AVAILABLE DATA Block Start
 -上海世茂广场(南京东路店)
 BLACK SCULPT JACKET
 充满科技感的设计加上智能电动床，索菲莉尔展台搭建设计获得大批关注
AVAILABLE DATA Block End
### WORK TO BE COMPLETED
Your reply should be the lines from the one that contains "BLACK SCULPT JACKET" through the end of the listing above, repeated exactly.

### RESULT FOR THIS TASK
 BLACK SCULPT JACKET
 充满科技感的设计加上智能电动床，索菲莉尔展台搭建设计获得大批关注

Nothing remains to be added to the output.